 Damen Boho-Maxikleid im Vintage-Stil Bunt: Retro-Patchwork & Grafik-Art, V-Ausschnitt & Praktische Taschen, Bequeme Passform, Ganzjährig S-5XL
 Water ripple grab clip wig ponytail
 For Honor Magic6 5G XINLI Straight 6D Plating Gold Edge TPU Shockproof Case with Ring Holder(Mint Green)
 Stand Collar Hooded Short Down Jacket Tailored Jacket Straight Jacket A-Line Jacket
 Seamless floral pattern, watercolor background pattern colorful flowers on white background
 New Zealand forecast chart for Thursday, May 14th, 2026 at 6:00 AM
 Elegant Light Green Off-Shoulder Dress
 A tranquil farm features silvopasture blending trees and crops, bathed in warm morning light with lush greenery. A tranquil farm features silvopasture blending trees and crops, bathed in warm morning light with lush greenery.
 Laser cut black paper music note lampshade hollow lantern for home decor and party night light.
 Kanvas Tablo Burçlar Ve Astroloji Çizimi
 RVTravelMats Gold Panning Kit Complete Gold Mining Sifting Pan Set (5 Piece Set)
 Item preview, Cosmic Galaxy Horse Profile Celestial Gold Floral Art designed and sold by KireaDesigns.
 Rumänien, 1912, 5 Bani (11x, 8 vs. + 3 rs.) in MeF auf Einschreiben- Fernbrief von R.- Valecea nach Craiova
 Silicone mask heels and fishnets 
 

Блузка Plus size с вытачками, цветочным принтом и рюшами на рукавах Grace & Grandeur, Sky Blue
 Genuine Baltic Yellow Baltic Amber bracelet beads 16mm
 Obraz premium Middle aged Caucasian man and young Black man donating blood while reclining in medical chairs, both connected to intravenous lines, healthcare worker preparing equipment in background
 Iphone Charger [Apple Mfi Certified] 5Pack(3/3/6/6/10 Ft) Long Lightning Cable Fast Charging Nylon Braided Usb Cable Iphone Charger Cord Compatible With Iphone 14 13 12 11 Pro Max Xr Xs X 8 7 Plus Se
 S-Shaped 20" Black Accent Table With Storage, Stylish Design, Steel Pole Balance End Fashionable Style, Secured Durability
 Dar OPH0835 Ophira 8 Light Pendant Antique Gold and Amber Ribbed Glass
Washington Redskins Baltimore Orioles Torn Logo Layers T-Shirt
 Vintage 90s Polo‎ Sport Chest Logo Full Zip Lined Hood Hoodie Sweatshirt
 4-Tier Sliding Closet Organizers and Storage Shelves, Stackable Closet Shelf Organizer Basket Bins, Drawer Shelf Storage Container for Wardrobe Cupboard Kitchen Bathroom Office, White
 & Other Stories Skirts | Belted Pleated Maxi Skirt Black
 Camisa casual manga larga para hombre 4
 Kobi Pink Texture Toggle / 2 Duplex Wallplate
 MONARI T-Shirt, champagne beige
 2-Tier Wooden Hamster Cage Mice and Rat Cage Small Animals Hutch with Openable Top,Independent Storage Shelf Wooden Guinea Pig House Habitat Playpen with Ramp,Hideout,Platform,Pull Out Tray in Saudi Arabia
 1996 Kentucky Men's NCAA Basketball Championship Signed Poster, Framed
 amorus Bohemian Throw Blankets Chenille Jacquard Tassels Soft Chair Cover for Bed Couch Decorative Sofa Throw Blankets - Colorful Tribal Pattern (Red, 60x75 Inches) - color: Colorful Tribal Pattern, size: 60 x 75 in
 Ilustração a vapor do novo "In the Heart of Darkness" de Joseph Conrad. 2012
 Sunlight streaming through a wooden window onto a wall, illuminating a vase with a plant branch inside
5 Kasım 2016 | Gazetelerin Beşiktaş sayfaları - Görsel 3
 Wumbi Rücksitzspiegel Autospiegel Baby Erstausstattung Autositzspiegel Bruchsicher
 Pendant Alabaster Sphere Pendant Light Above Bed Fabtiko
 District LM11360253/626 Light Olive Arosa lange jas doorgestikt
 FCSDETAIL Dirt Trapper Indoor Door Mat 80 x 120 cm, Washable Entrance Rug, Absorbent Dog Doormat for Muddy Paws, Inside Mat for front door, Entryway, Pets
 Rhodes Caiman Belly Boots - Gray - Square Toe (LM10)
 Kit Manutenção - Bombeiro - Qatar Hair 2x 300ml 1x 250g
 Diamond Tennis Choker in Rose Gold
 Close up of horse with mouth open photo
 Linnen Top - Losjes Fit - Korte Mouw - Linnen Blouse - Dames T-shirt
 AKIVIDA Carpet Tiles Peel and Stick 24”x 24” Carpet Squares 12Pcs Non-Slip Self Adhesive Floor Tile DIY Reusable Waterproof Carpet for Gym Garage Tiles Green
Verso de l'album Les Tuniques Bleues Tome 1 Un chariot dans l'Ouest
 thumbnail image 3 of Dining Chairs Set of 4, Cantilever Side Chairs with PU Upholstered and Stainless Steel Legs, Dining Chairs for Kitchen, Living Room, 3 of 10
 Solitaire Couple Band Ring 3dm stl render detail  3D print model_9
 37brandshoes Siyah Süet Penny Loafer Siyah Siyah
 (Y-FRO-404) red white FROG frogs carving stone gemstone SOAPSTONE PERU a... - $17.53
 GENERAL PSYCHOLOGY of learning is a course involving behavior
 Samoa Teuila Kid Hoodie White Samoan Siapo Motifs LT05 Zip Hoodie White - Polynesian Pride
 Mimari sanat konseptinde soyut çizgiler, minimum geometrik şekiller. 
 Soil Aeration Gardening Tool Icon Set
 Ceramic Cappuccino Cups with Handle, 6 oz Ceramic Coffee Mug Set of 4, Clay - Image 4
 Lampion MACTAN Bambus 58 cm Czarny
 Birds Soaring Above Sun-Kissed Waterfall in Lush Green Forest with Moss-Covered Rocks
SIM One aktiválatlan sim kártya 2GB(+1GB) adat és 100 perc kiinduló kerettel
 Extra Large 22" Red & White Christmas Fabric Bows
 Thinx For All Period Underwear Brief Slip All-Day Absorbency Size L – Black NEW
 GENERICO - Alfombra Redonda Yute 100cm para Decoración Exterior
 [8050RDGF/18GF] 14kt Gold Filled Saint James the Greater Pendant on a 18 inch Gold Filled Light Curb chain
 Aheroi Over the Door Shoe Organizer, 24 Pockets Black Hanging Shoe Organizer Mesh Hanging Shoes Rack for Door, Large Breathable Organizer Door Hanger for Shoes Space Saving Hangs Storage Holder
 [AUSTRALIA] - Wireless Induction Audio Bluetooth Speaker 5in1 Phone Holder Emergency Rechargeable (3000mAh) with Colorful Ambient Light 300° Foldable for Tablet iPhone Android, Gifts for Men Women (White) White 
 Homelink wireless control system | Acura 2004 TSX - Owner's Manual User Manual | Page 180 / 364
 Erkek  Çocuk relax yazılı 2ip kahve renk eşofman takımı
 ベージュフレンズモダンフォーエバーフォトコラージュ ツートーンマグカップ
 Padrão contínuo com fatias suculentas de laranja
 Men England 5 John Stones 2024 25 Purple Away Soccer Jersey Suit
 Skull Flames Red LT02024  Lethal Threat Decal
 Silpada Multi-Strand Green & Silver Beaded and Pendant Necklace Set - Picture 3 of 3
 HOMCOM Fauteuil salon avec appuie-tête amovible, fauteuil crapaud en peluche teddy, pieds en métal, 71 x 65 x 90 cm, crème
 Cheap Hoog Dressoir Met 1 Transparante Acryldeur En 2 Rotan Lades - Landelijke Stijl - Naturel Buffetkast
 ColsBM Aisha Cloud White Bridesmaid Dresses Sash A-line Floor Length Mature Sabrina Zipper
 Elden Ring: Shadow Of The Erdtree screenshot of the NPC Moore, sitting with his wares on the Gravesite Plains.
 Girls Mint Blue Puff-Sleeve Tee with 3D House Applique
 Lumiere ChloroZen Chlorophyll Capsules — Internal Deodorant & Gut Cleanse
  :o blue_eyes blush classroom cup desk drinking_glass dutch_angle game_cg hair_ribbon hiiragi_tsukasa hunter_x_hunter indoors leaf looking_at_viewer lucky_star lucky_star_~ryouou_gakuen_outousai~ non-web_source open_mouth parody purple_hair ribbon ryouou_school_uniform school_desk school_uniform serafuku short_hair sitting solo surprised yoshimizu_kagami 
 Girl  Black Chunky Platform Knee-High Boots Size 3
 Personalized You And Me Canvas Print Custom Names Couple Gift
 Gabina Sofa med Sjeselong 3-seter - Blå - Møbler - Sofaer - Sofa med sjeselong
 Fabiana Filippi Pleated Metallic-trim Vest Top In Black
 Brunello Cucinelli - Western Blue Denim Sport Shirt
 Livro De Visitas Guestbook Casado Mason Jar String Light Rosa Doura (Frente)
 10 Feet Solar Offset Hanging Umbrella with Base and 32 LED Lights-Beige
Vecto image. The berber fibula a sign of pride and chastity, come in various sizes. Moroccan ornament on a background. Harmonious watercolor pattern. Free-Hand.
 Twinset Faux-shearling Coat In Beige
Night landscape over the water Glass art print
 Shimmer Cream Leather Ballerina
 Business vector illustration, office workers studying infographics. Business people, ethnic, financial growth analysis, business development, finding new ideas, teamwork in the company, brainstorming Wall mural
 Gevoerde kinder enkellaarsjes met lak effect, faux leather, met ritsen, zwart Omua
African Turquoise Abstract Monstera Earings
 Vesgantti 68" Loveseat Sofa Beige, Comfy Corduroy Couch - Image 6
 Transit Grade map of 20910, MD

* **Exercise directions**
After locating the line that contains "Elegant Light Green Off-Shoulder Dress", please copy exactly every line from the start of the records through it, and nothing else.

* **Task answer**
 Damen Boho-Maxikleid im Vintage-Stil Bunt: Retro-Patchwork & Grafik-Art, V-Ausschnitt & Praktische Taschen, Bequeme Passform, Ganzjährig S-5XL
 Water ripple grab clip wig ponytail
 For Honor Magic6 5G XINLI Straight 6D Plating Gold Edge TPU Shockproof Case with Ring Holder(Mint Green)
 Stand Collar Hooded Short Down Jacket Tailored Jacket Straight Jacket A-Line Jacket
 Seamless floral pattern, watercolor background pattern colorful flowers on white background
 New Zealand forecast chart for Thursday, May 14th, 2026 at 6:00 AM
 Elegant Light Green Off-Shoulder Dress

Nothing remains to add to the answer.